═════ Records shown
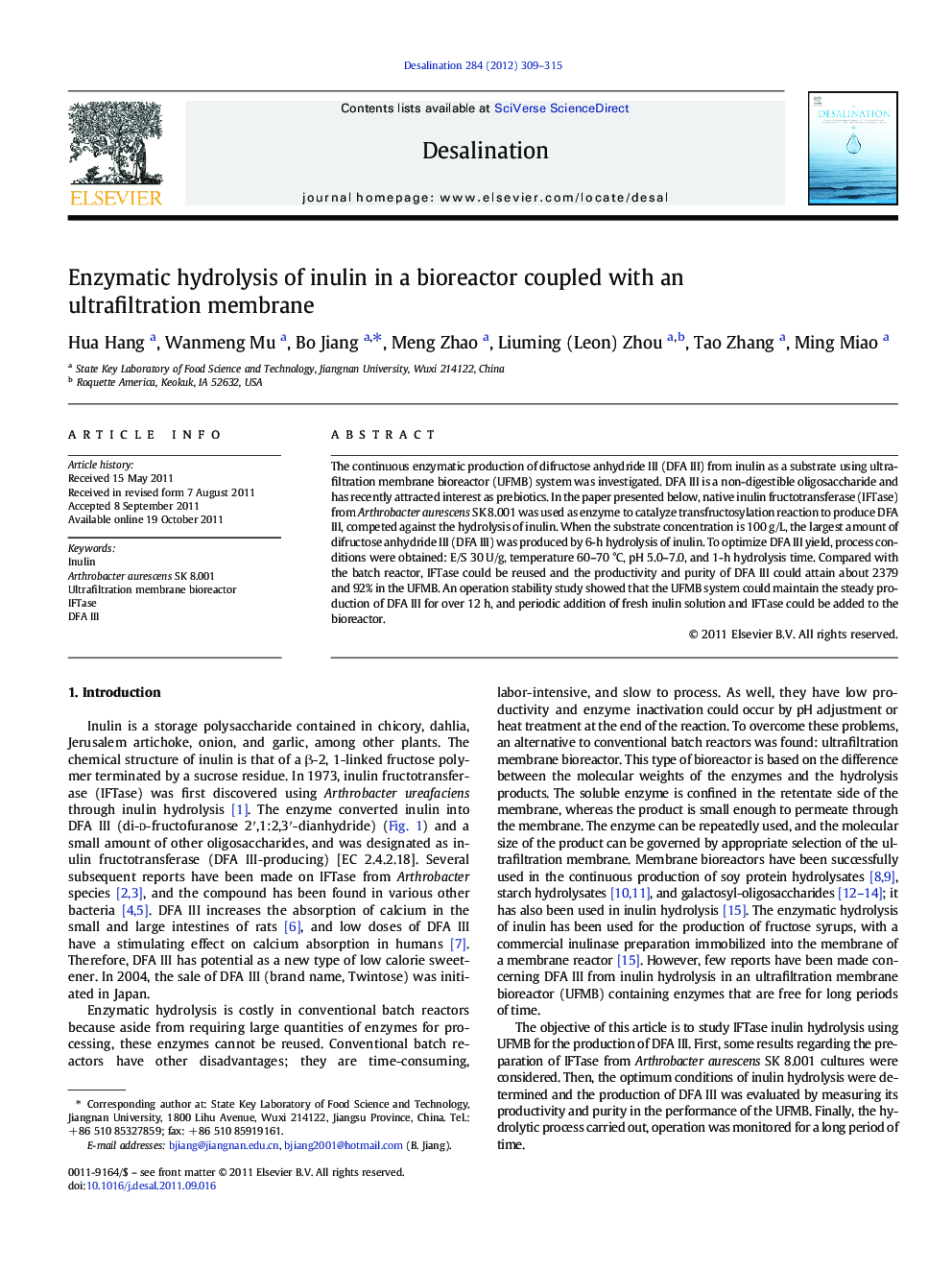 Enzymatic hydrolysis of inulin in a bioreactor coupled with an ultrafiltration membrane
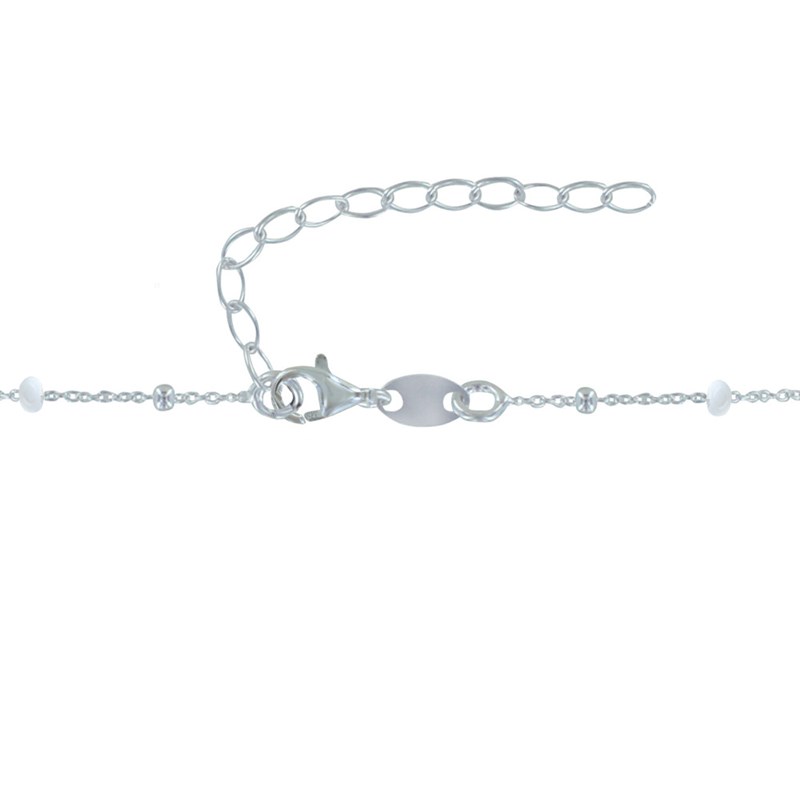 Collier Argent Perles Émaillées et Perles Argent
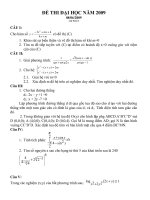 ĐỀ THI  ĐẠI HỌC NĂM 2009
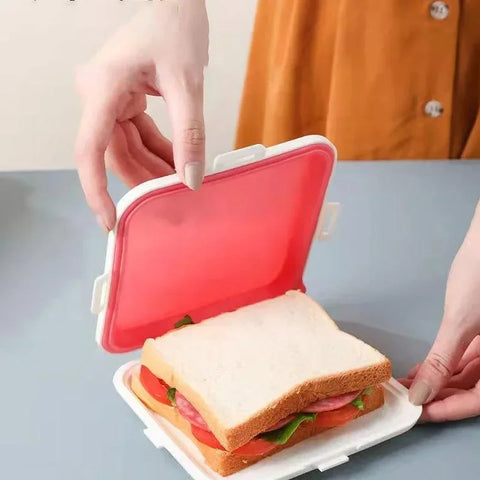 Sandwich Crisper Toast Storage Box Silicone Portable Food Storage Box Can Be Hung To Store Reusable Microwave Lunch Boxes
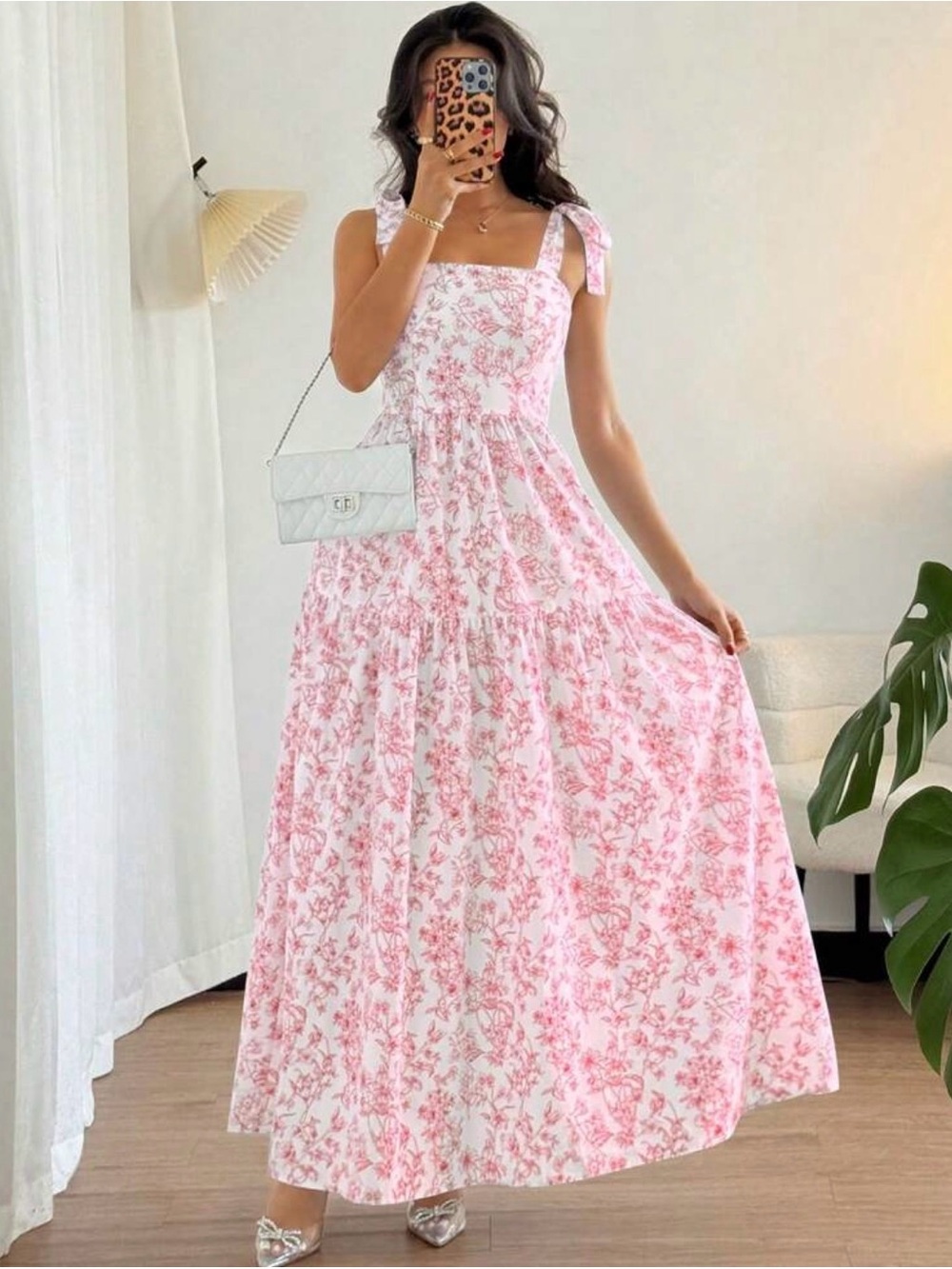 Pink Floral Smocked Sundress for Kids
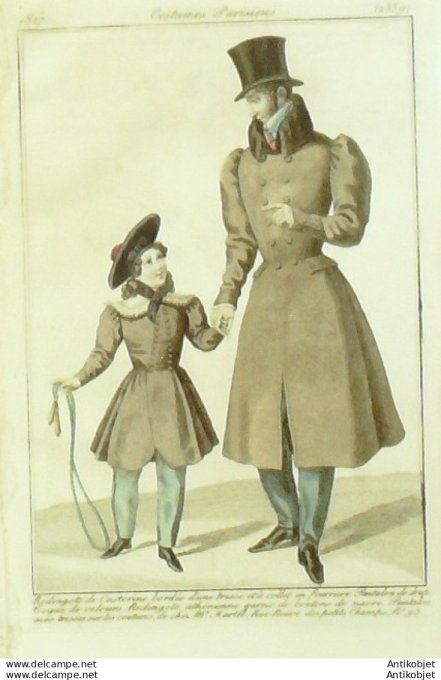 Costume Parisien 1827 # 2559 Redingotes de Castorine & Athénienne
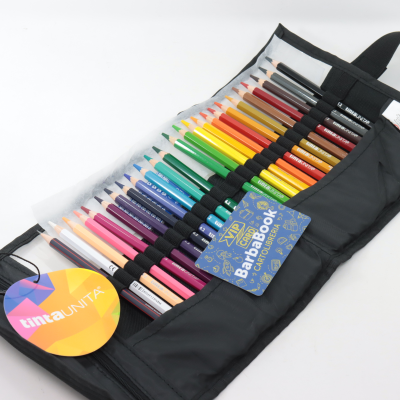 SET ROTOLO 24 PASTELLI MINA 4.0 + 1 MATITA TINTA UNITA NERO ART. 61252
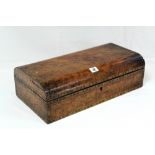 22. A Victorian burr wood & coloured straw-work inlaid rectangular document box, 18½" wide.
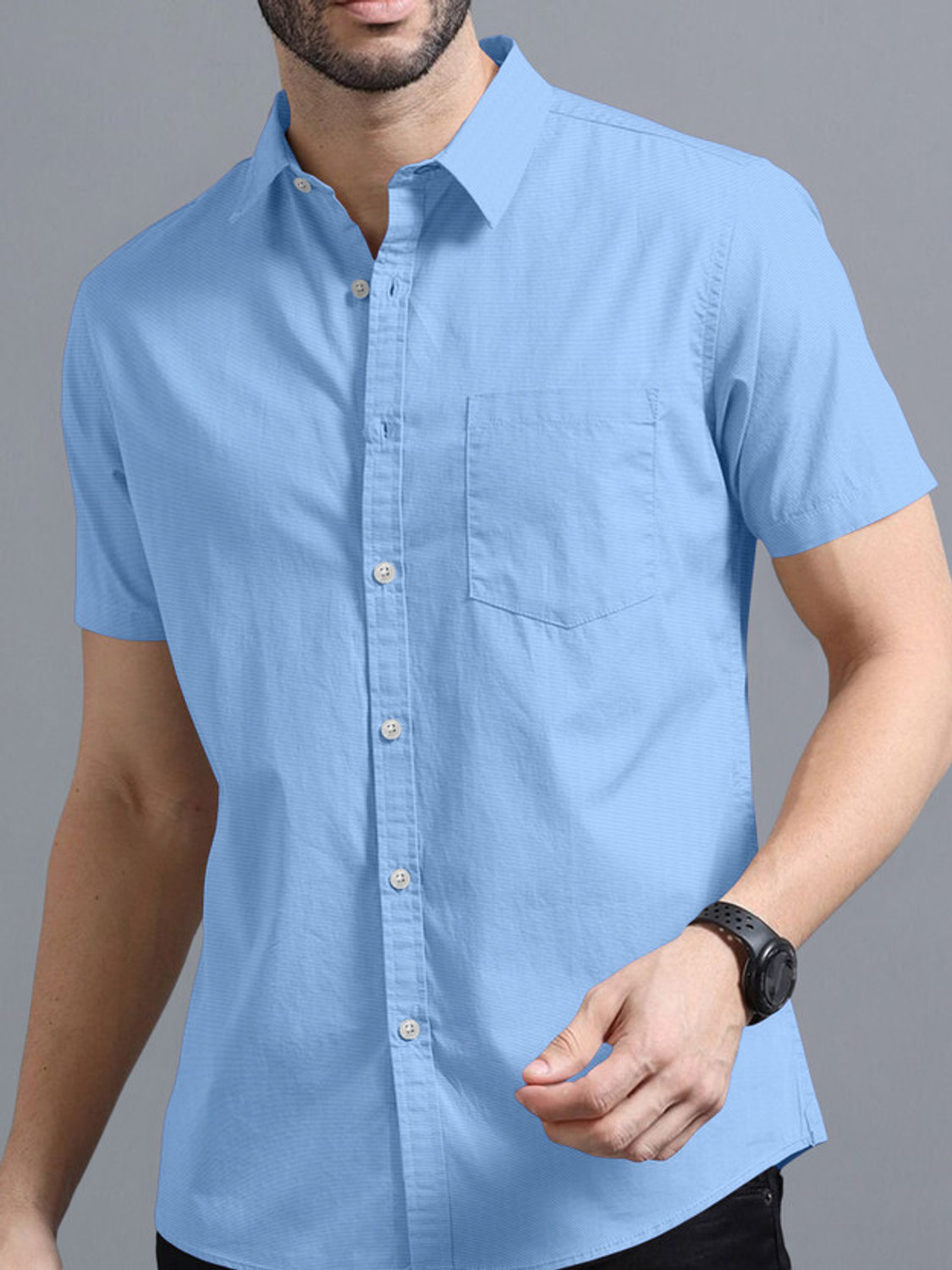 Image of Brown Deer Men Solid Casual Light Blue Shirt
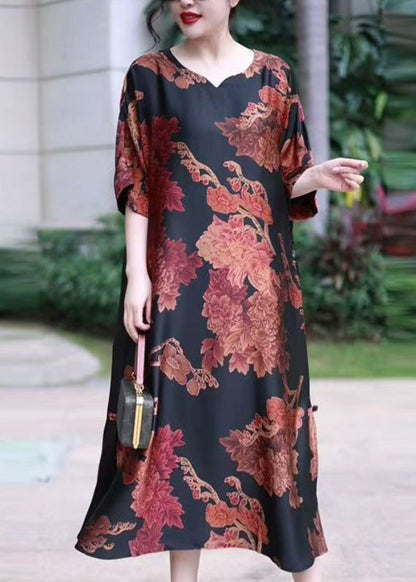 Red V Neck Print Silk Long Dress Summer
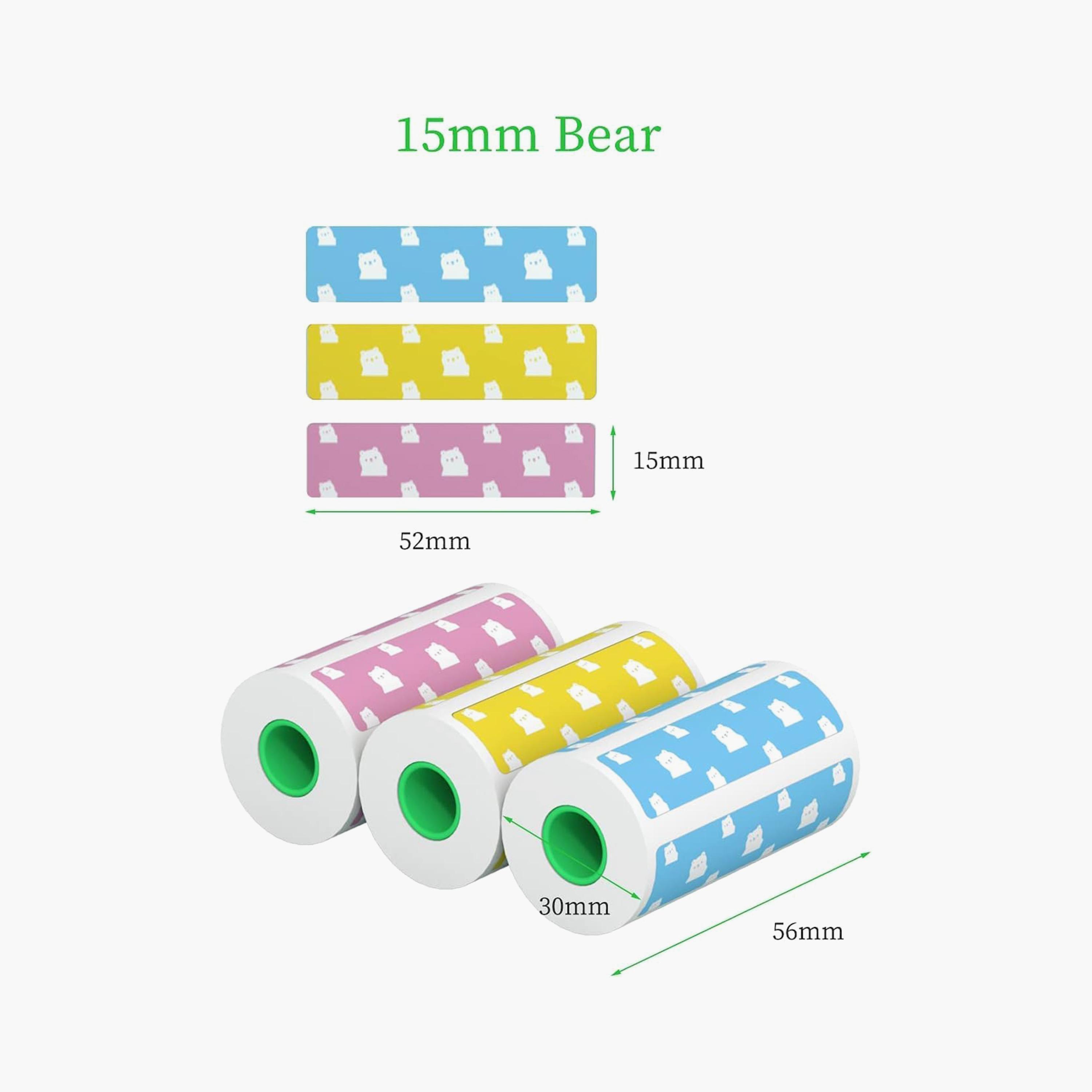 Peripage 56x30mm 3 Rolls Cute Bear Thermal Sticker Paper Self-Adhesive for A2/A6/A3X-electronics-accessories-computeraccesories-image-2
══════════
=== Your goal ===
An acceptable answer holds exactly the lines from the one with "Red V Neck Print Silk Long Dress Summer" through the end of the entries above, both ends kept, and no pictures at all.

=== Result of this task ===
 Red V Neck Print Silk Long Dress Summer
 Peripage 56x30mm 3 Rolls Cute Bear Thermal Sticker Paper Self-Adhesive for A2/A6/A3X-electronics-accessories-computeraccesories-image-2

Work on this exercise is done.